Ruggieri 02Chiesa e realtà umana inseparabili

Il problema che si pone è dato tuttavia dal fatto che la chiesa e la società umana non sono realtà separabili, perché i cristiani sono al tempo stesso cittadini di questo mondo nel quale condividono con gli altri la cultura, il legame alle istituzioni, la necessità del denaro e via dicendo. Il rischio è quindi che si abbia un travaso dal costume del potere che vige nella società dentro la comunità dei discepoli. È un rischio antico. Già all’interno delle chiese del Nuovo Testamento esso è avvertito, particolarmente da Luca. Egli soltanto infatti mette, durante la cena finale di Gesù, le parole che gli altri due Sinottici pongono in un altro contesto, ma sempre in rapporto alla passione e morte di Gesù (cf. Mt 20,24-28; Mc 10,41-45), con una straordinaria interpretazione teologico-politica della comunione di coloro che siedono attorno alla mensa eucaristica: ci viene ricordato che esiste una radicale alterità tra le ‘nazioni’ e la comunità dei discepoli. Mentre nelle nazioni chi ha autorità ne fa motivo di dominio, nella comunità dei discepoli il contenuto dell’autorità è il servizio, perché Gesù «sta in mezzo a noi come colui che serve» (cf. Lc 22, 24-30).
Si comprende meglio la questione se si riflette all’origine del potere dello stesso Cristo. È per il fatto che il Figlio di Dio si è svuotato assumendo la forma dello schiavo e reso obbediente fino alla morte di croce che il Padre lo ha innalzato al di sopra di ogni realtà creata (Fil 2, 6-11). E noi sperimentiamo l’energia della sua risurrezione solo conformandoci alla sua morte (cf. Fil 3, 10). Il “potere” della chiesa si alimenta quindi alla sequela del Cristo crocifisso e risorto perché crocifisso.
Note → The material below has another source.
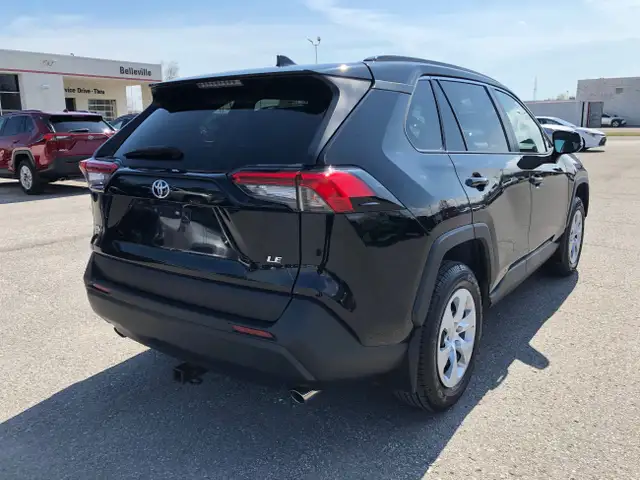 2020 Toyota RAV4 LE ONE OWNER dans Autos et camions dans Belleville - Image 6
Una chiesa quindi che introduce una logica differente da quella della croce e copia le diversità introdotte dal potere che vige nella società, come accadeva nella chiesa di Corinto, non è più in grado di celebrare la cena del Signore perché si alimenta ad un “altro” potere: «Quando vi radunate insieme, il vostro non è un mangiare la cena del Signore» (1Cor 11, 20). E questo per il semplice motivo che nel ricopiare le divisioni introdotte dalla dinamica del potere umano, non si annuncia più la morte del Signore.
Questa è la verità dell’eresia donatista (così chiamata da Donato, vescovo di Cartagine nel IV secolo) che legava il potere nella chiesa alla santità vissuta, anche se esasperava questa verità fino a ignorare che il Signore continua a essere presente con i suoi fino alla fine del mondo e non fa quindi dipendere la sua presenza e la comunicazione della sua “energia” dalla santità del singolo ministro. Proprio perché Cristo continua a essere il Signore e il capo della sua chiesa, la sua grazia non cessa di essere comunicata a coloro che con fede attingono alle sorgenti alimentate dal “suo” potere di dare la vita agli uomini: lettura credente delle Scritture e partecipazione attiva ai sacramenti.

Reformanda

Il potere della Chiesa e nella Chiesa è misurato e giudicato tuttavia dalla sua conformità alla “forma” che il Cristo ha assunto, abitando fra gli uomini e le donne del suo tempo. La storia insegna che questo potere a volte agisce, sia in tutta la Chiesa che nei singoli ministri, secondo una logica dif-forme da quella della croce. Da qui la necessità che la Chiesa sia sempre re-formanda, bisognosa continuamente di riforma fino a quando il Signore tornerà. La storia della Chiesa ha quindi i suoi punti caldi nelle varie riforme del potere che lungo i secoli essa ha sperimentato. Quel grande storico e teologo al tempo stesso che fu il padre Marie-Dominique Chenu suggeriva di vedere nella storia del cristianesimo, lungo le varie epoche e in connessione con i grandi mutamenti della struttura sociale, i momenti in cui si era verificata l’esplosione della forza del vangelo puro, cioè quei risvegli del vangelo che hanno una dimensione collettiva e non solo individuale e suscitano movimenti di riforma che hanno un ritorno sulla struttura istituzionale della Chiesa. In tempi recenti uno di questi momenti è stato il Vaticano II. Il pontificato attuale, quello del vescovo di Roma Francesco, è da situarsi sull’onda lunga di quel Concilio, la grazia più grande concessa da Dio alla Chiesa dei nostri giorni.